**WHAT THIS TASK INVOLVES**: Below are records with pictures in them. Output exactly the lines from the one with "2513 31st Street, Lubbock, TX 79410" through the one with "Photo #3: 41109386 Listing", both included, and leave every picture out; give only those lines.

**EXERCISE INPUT**:
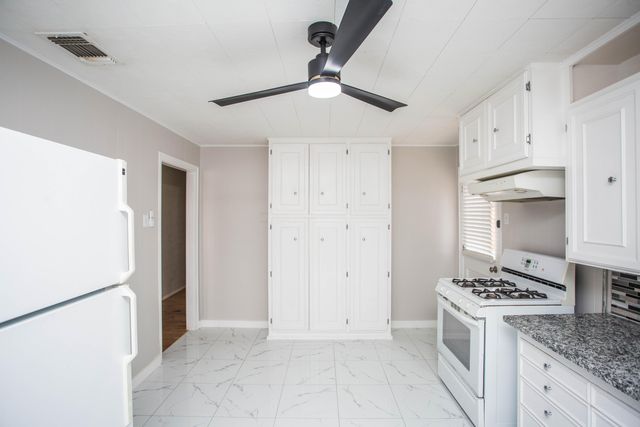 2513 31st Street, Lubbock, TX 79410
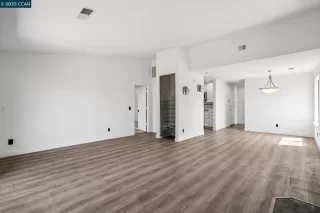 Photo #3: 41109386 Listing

==

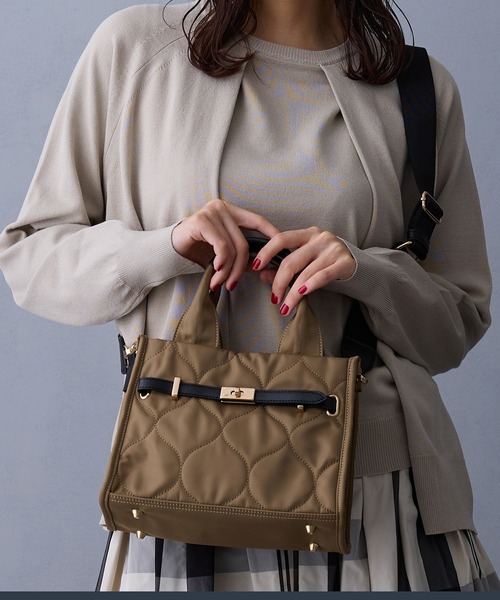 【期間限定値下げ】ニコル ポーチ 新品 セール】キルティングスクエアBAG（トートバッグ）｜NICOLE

--

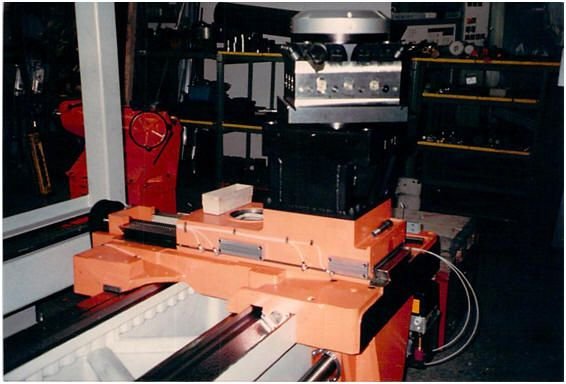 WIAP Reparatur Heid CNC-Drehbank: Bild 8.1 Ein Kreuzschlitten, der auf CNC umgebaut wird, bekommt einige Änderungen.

**RESPONSE**:
 2513 31st Street, Lubbock, TX 79410
 Photo #3: 41109386 Listing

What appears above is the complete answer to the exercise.